**Task material:**
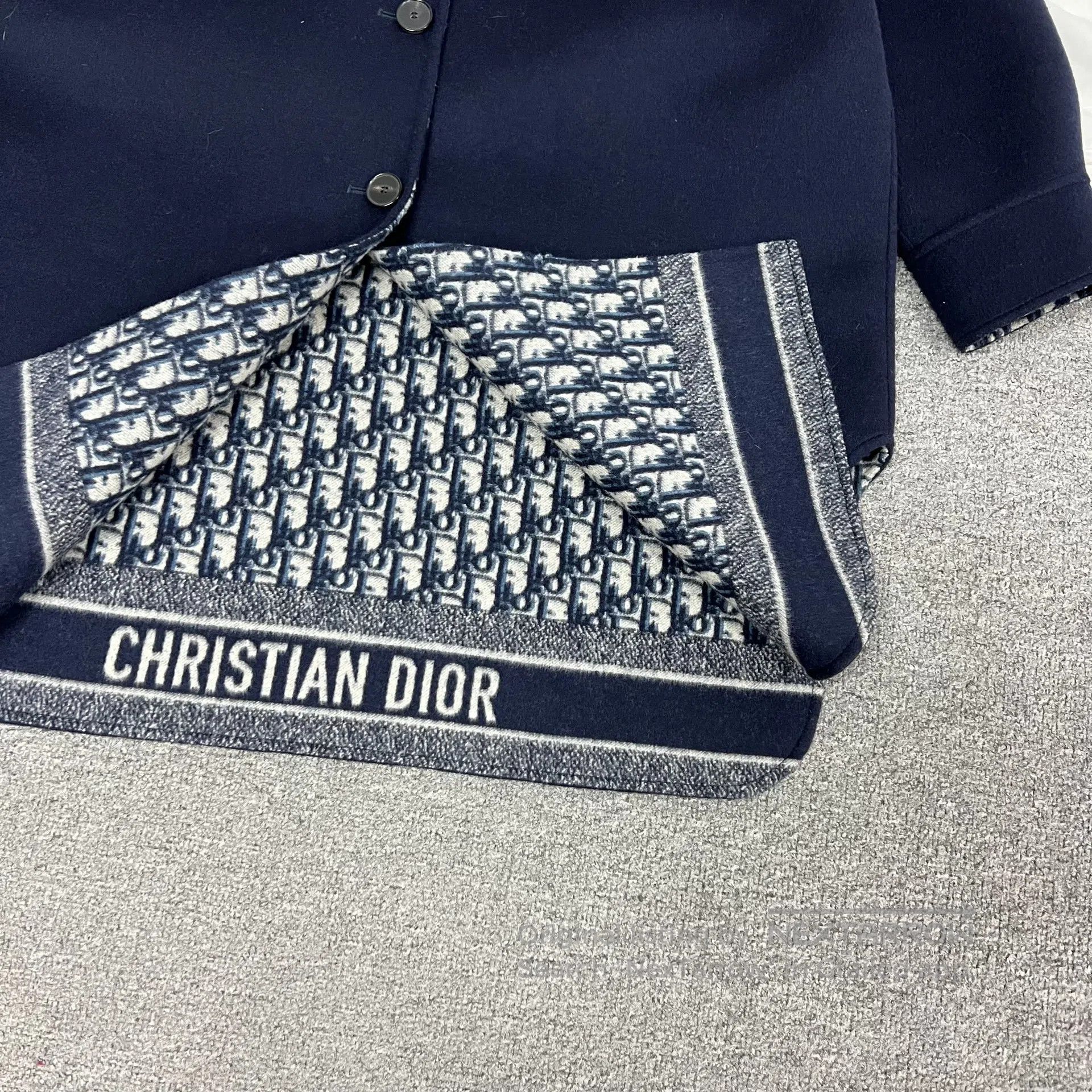 Dior Dior Blue-cerulean cashmere coat| Size US M / EU 48-50 / 2 - 3 Thumbnail
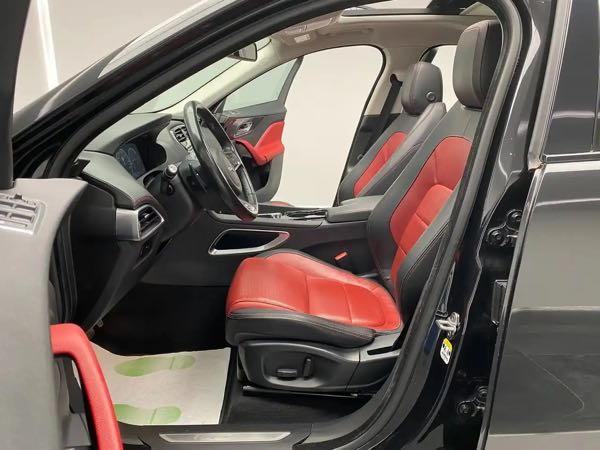 Jaguar F-pace 2.0 D R-Sport*GARANTIE 12 MOIS*TOIT OUVRANT*CAMERA
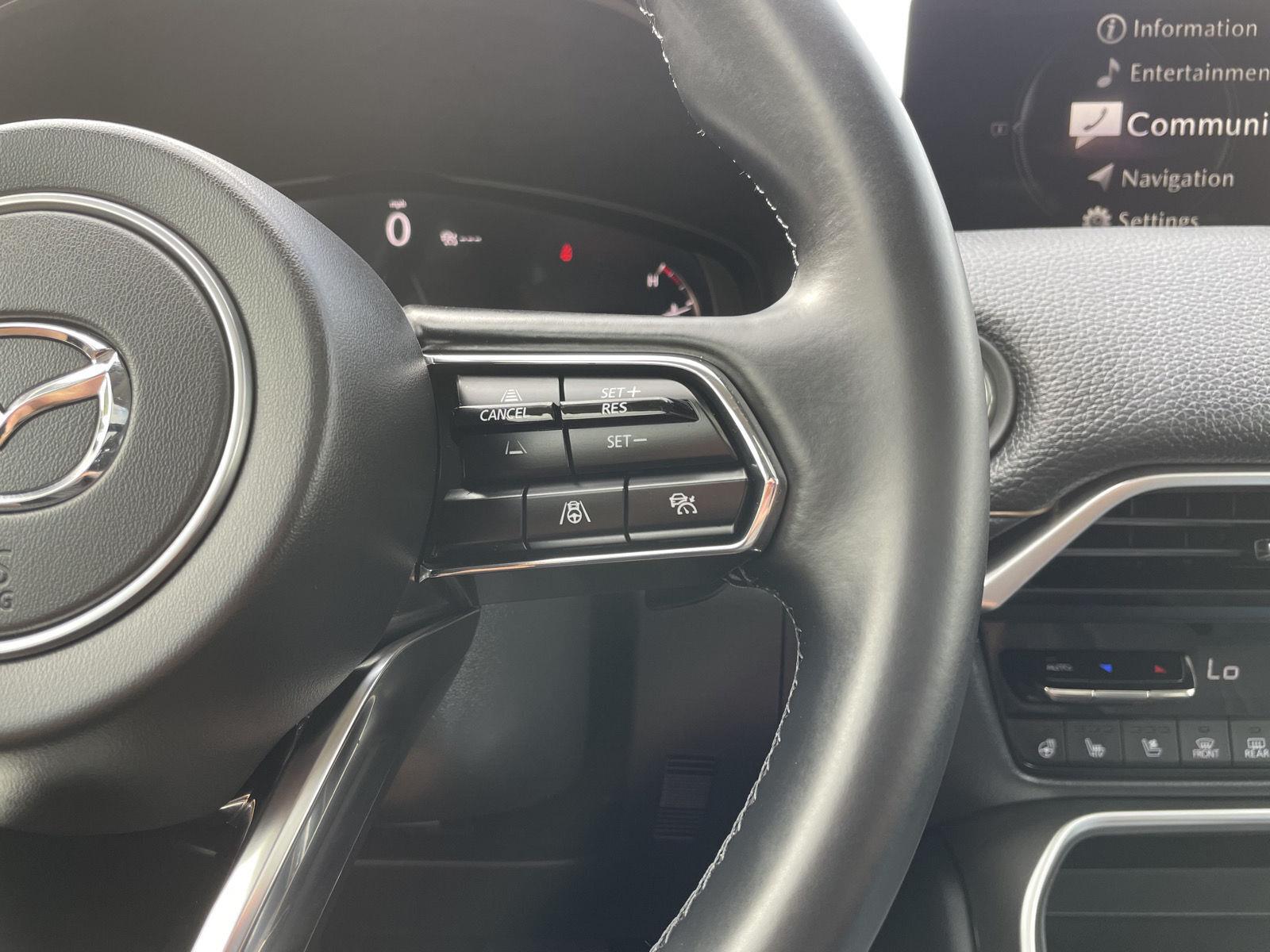 Vehicle photo 14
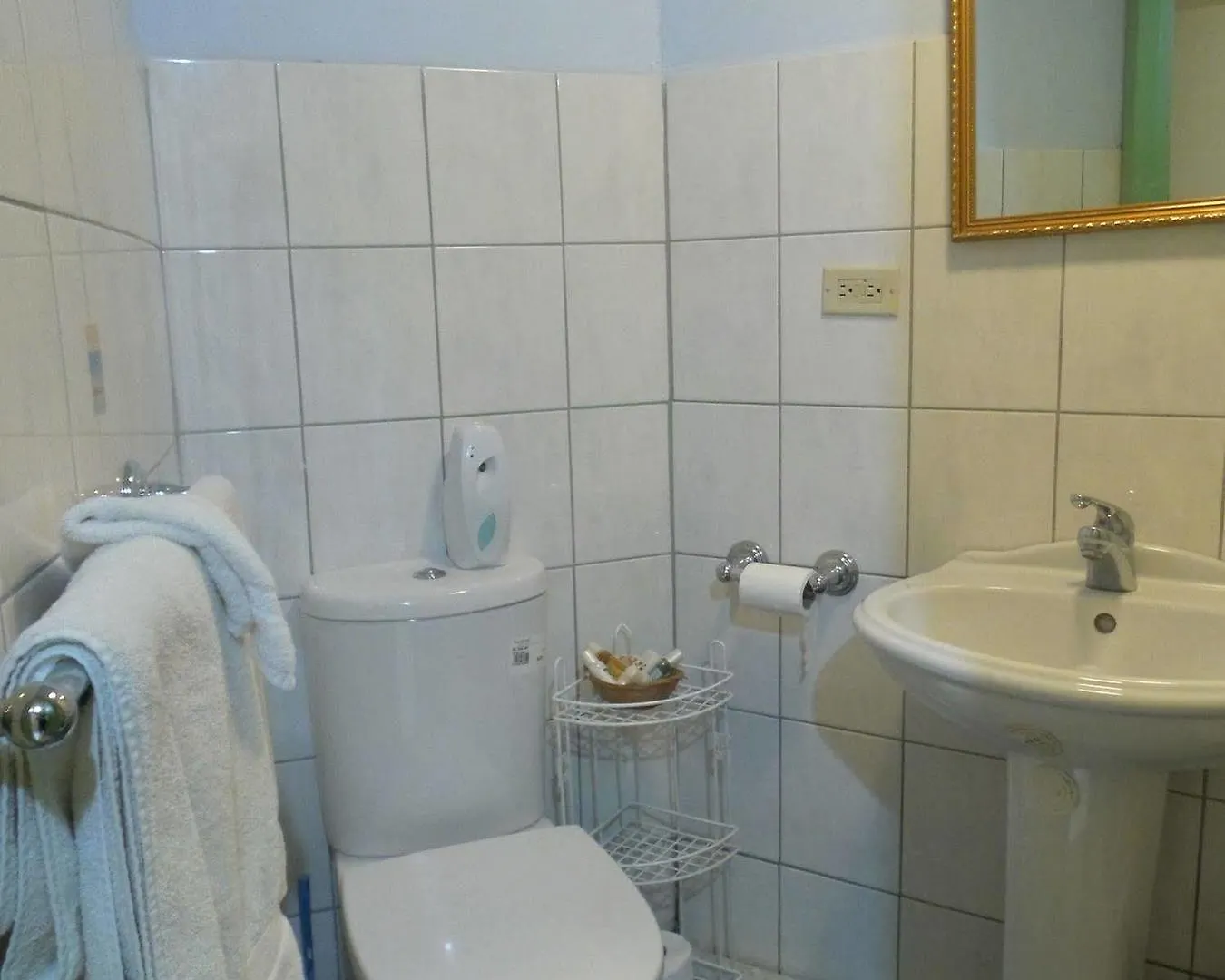 *** Bed & Breakfast Heritage Inn Trinidad Belmont Trinidad e Tobago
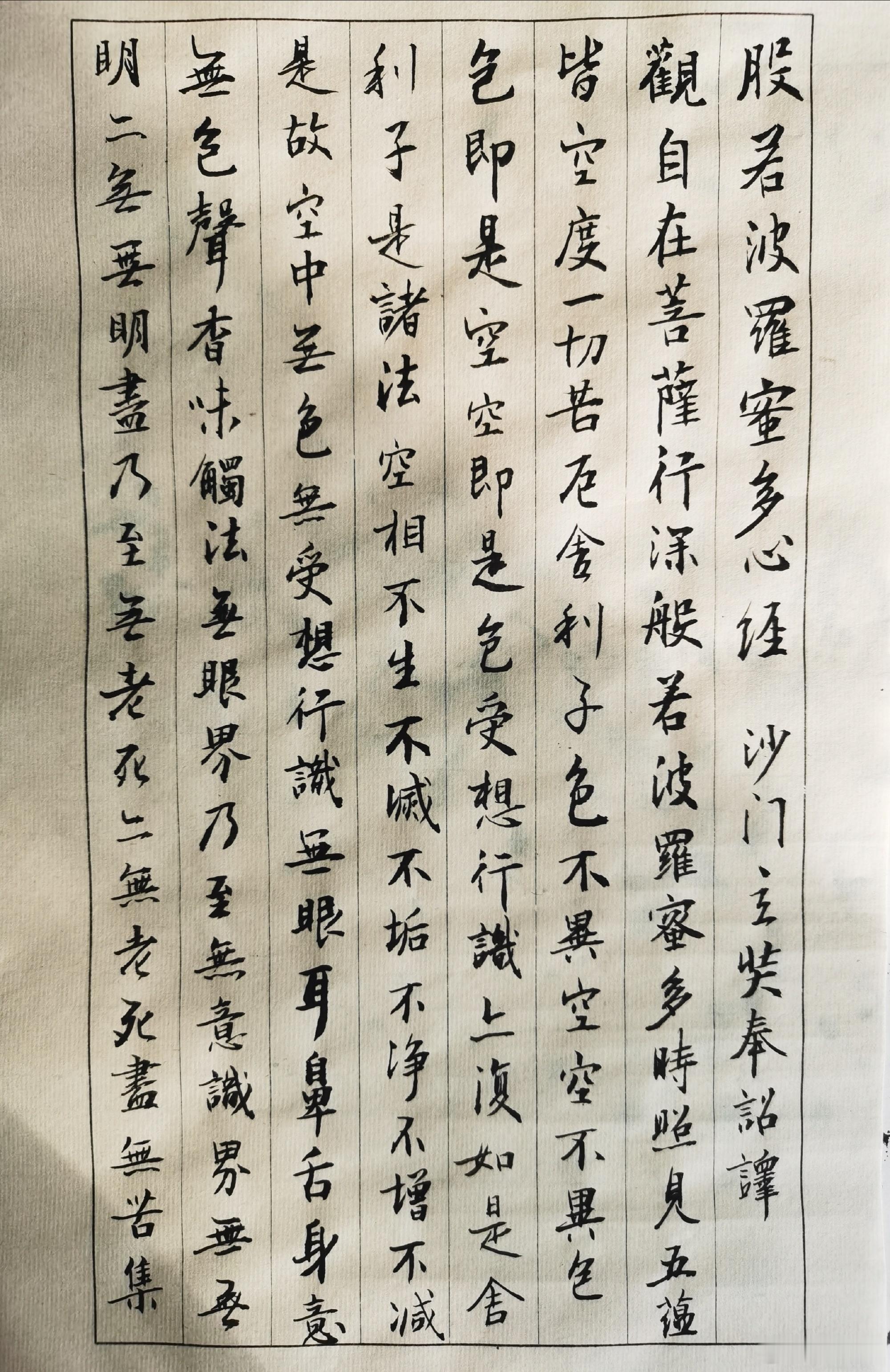 下蹲时看到了露珠于城里人，一片树林就够了夜里在京洲北街散步不断遇到小区的居民牵狗
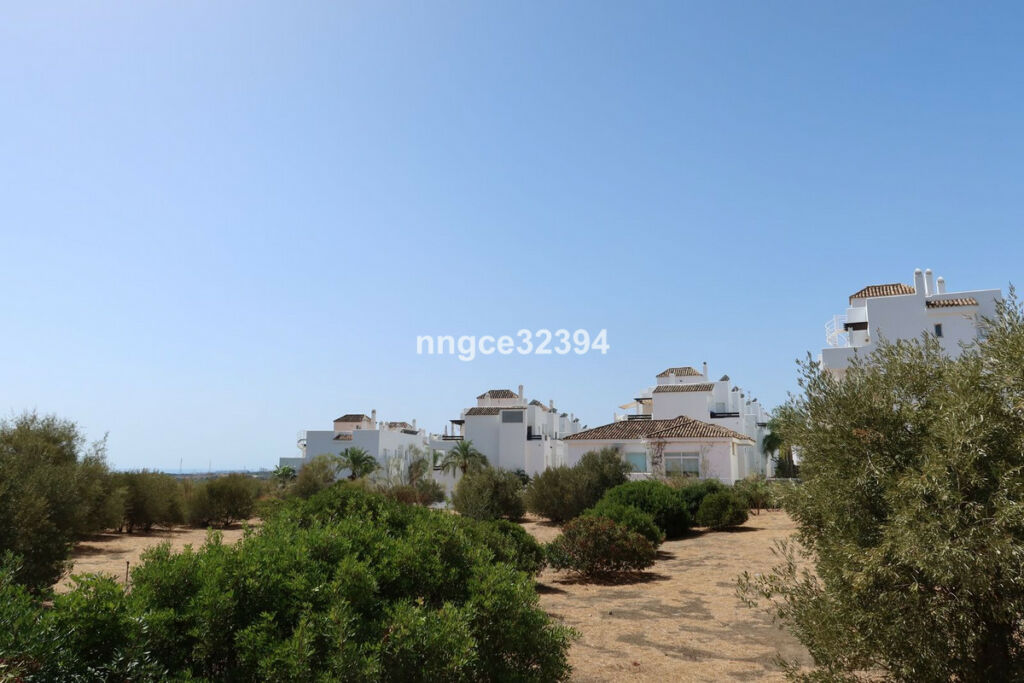 Middle Floor Apartment Estepona Málaga - image 33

**What you have to do:** What you return should be only the lines from the line with "Trinidad e Tobago" through the last line of the listing above, exactly, both ends included, pictures excluded.

**Your solution:**
 *** Bed & Breakfast Heritage Inn Trinidad Belmont Trinidad e Tobago
 下蹲时看到了露珠于城里人，一片树林就够了夜里在京洲北街散步不断遇到小区的居民牵狗
 Middle Floor Apartment Estepona Málaga - image 33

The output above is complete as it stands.